J'espère que nous allons revivre sans rechutes nouvelles. Il est l'âme
et la vie de la maison. Quand il s'abat, nous sommes mortes: mère, femme
et filles. Aurore dit qu'elle voudrait être bien malade à la place de
son père. Nous nous aimons passionnément nous cinq, et la _sacro-sainte
littérature_, comme tu l'appelles, n'est que secondaire pour moi dans la
vie. J'ai toujours aimé quelqu'un plus qu'elle, et ma famille plus que
ce quelqu'un.
Pourquoi donc ta pauvre petite mère est-elle aussi désespérée, au beau
milieu d'une vieillesse que j'ai vue si verte encore et si gracieuse!
Est-ce la surdité subite? Y avait-il manque absolu de philosophie et
de patience avant les infirmités? J'en souffre avec toi, parce que je
comprends ce que tu en souffres.
Une autre vieillesse qui se fait pire, puisqu'elle se fait méchante;
c'est celle de madame Colet. Je croyais que toute sa haine était contre
moi, et cela me semblait un coin de folie; car jamais je n'ai rien fait,
rien dit contre elle, même après ce pot de chambre de bouquin où elle a
excrété toute sa fureur _sans cause_. Qu'à-t-elle contre toi, à présent
que la passion est à l'état de légende? _Estrange! estrange!_ Et, à
propos de Bouilhet, elle le haïssait donc, lui aussi, ce pauvre poète?
C'est une folle.
Tu penses bien que je n'ai pu écrire une panse d'_a_, depuis ces douze
jours. Je vais, j'espère, me remettre à la besogne dès que j'aurai fini
mon roman, qui est resté une patte en l'air aux dernières pages. Il va
commencer à paraître et il n'est pas fini d'écrire. Je veille pourtant
toutes les nuits jusqu'au jour; mais je n'ai pas eu l'esprit assez
tranquille pour me distraire de mon malade.
Bonsoir, cher bon ami de mon coeur.
Mon Dieu! ne travaille et ne veille pas trop, puisque, toi aussi, tu as
des maux de gorge. C'est un mal cruel et perfide. Nous t'aimons et nous
t'embrassons tous. Aurore est charmante; elle apprend tout ce qu'on
veut, on ne sait comment, sans avoir l'air de s'en apercevoir elle-même.
DCCXXIX
A M. EDMOND PLAUCHUT, A PARIS
Nohant, 3 avril 1870.
Favre est parti ce matin, nous laissant tout à fait tranquilles sur
Maurice, qui est sorti au jardin tantôt pour la première fois. Quant
à Lolo, elle nous tourmente encore un peu, par ses retours de fièvre;
mais, s'il y avait danger, notre docteur ne serait pas parti. Voilà
ce dont je suis sûre, c'est un dévoué et un _bon_; de plus, c'est un
médecin de génie; de plus encore, c'est un homme à part, qui ne veut pas
gagner d'argent, et que l'on offenserait en lui parlant de _salaire_.
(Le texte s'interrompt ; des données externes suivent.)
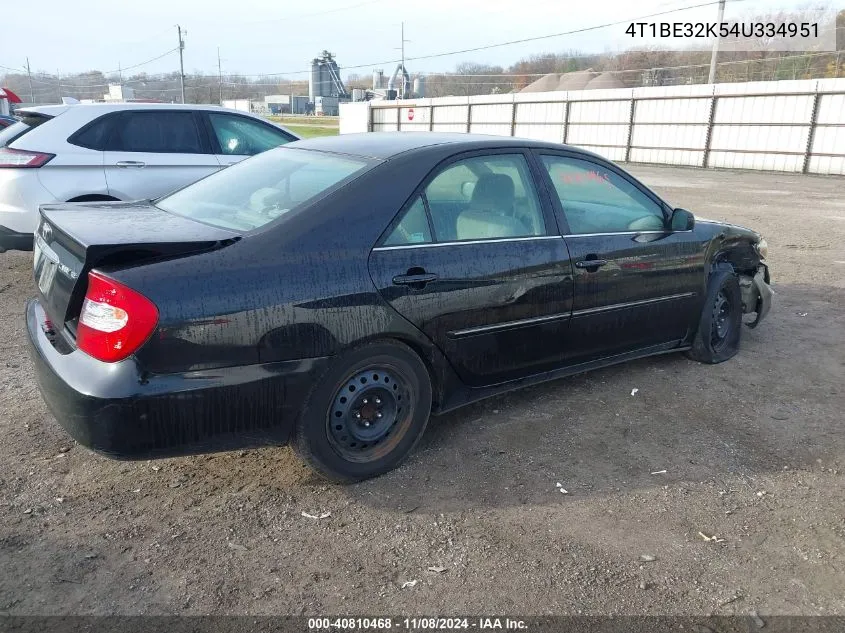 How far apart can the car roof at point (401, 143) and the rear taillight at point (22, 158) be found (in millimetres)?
3306

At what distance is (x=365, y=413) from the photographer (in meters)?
3.16

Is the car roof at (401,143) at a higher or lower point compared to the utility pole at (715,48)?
lower

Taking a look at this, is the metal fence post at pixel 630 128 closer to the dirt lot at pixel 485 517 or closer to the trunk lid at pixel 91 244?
the dirt lot at pixel 485 517

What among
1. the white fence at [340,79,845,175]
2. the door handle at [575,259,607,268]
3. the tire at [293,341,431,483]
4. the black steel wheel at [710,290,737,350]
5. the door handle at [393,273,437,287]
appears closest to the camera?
the tire at [293,341,431,483]

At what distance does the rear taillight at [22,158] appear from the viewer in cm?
601

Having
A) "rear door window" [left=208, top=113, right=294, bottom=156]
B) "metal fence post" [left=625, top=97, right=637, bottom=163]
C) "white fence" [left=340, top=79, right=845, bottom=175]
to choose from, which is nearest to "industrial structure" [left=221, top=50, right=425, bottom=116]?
"white fence" [left=340, top=79, right=845, bottom=175]

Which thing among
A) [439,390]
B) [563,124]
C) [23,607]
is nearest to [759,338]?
[439,390]

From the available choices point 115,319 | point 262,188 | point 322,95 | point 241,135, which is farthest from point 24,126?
point 322,95

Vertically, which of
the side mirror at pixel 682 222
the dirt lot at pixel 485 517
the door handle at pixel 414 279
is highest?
the side mirror at pixel 682 222

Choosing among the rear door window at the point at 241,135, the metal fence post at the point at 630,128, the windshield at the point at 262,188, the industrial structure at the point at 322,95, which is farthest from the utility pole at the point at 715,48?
the industrial structure at the point at 322,95

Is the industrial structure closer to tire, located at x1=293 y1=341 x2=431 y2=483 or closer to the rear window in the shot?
the rear window

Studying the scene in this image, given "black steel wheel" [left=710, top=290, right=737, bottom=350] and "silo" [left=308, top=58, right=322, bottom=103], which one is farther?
"silo" [left=308, top=58, right=322, bottom=103]

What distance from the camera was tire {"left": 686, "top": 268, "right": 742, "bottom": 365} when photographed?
188 inches

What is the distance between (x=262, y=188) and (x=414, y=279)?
98cm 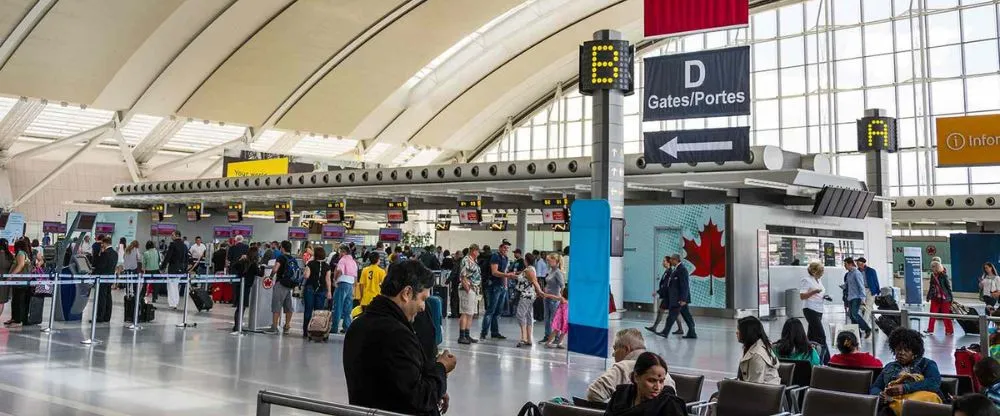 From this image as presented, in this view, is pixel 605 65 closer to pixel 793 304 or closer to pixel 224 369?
pixel 224 369

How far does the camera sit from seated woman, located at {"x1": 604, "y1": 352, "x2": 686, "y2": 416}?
3289mm

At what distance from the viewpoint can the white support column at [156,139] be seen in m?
39.3

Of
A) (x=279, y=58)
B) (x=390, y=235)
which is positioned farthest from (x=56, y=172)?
(x=390, y=235)

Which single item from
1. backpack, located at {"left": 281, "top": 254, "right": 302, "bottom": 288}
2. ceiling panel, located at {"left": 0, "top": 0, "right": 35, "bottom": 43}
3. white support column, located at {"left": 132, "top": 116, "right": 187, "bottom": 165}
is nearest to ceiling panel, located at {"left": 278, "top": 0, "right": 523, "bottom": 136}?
white support column, located at {"left": 132, "top": 116, "right": 187, "bottom": 165}

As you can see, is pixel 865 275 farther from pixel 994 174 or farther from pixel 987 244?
pixel 994 174

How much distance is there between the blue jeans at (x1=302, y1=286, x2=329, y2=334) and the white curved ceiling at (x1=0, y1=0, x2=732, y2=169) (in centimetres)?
2350

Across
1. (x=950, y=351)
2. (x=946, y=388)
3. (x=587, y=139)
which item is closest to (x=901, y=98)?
(x=587, y=139)

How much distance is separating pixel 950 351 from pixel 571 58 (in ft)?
110

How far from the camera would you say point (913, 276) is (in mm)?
22172

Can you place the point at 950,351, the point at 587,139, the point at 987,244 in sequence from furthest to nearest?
the point at 587,139 < the point at 987,244 < the point at 950,351

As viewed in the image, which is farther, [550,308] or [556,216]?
[556,216]

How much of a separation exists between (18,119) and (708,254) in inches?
1271

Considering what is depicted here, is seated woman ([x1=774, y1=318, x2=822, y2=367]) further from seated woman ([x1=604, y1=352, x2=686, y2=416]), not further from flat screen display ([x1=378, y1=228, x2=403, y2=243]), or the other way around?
flat screen display ([x1=378, y1=228, x2=403, y2=243])

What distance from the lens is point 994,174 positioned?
27.8 meters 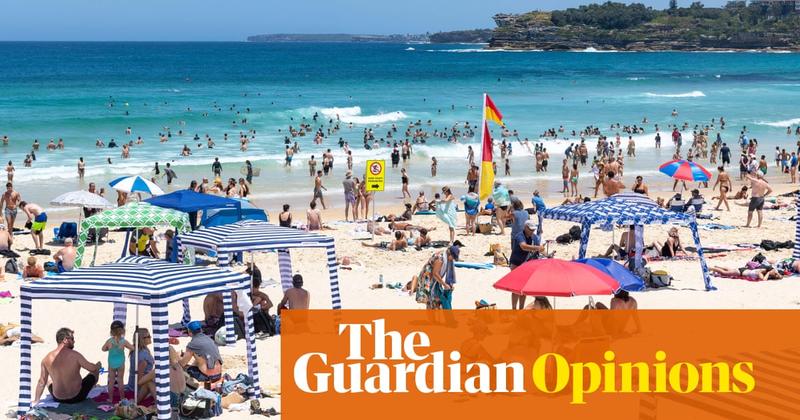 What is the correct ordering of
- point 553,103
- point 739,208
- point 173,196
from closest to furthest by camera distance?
1. point 173,196
2. point 739,208
3. point 553,103

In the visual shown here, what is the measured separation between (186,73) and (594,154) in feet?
226

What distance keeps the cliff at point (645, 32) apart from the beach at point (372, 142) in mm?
59160

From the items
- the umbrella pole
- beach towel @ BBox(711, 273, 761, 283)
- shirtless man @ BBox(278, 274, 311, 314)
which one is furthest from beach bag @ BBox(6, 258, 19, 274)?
beach towel @ BBox(711, 273, 761, 283)

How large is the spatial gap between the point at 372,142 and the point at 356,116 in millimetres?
14708

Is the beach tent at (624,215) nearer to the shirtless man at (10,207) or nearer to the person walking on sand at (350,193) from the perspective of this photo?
the person walking on sand at (350,193)

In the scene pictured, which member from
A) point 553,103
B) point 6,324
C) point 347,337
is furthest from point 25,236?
point 553,103

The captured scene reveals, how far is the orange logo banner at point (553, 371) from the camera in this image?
28.0 feet

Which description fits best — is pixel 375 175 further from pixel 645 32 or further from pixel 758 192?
pixel 645 32

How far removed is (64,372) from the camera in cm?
940

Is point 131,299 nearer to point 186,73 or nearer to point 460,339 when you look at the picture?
point 460,339

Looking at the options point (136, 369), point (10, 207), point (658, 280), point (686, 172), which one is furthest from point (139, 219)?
point (686, 172)

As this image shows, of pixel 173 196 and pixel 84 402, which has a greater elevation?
pixel 173 196

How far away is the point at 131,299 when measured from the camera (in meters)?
8.70

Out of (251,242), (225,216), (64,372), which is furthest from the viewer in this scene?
(225,216) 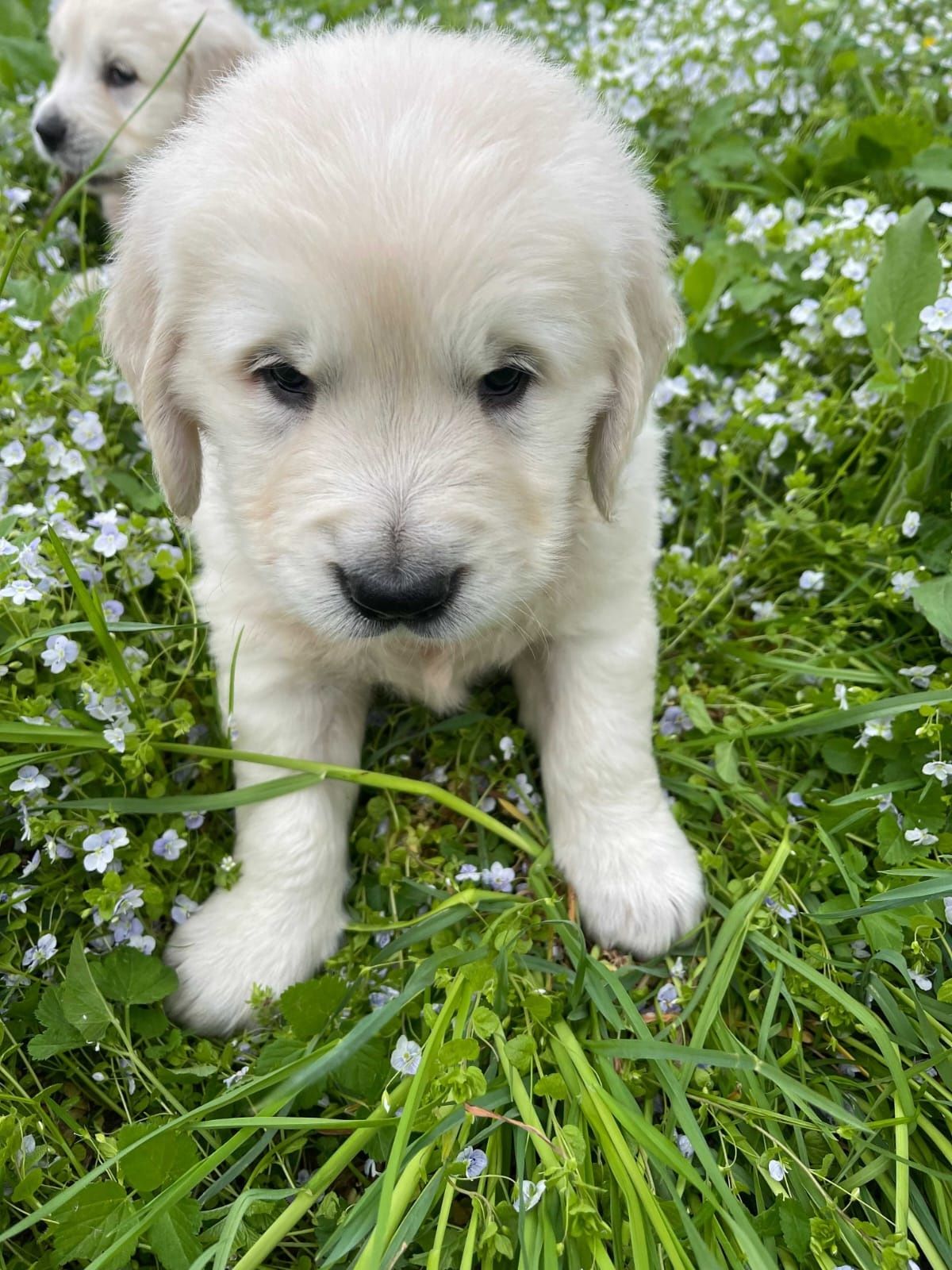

Nous avons parlé de tout et de tous, durant les dix jours qu'il a passés
ici (veillant toutes les nuits nos malades), et naturellement nous avons
parlé de toi. Il sait que tu as été chez lui pour le renseigner sur
le voyage, et il désire te voir et te connaître. Je lui ai donné ton
adresse et je te renouvelle la sienne: rue de Rivoli, 69.
Il parle beaucoup, beaucoup, et d'une façon étincelante, parfois
obscure, tout à coup claire comme le jour et probante. C'est surtout en
physiologie qu'il est merveilleux. Il vous donnerait une santé à toute
épreuve si on lui rendait bien compte de soi et si on écoutait ses
conseils d'hygiène générale. Au moral, il y a bien des points sur
lesquels il vous remonte aussi. Enfin je te le décris et te l'annonce.
C'est un homme remarquable et que tu seras content de connaître.
Je t'embrasse,
G. SAND.
DCCXXX
A MICHEL LÉVY, ÉDITEUR, A PARIS
Nohant, 20 avril 1870.
Cher ami,
C'est encore moi! Je dis à tout le monde que nous sommes bons amis, et
tout le monde veut que je m'adresse à vous. Je vous ai envoyé le roman
de madame Blanc: je désire beaucoup qu'il vous convienne de le publier.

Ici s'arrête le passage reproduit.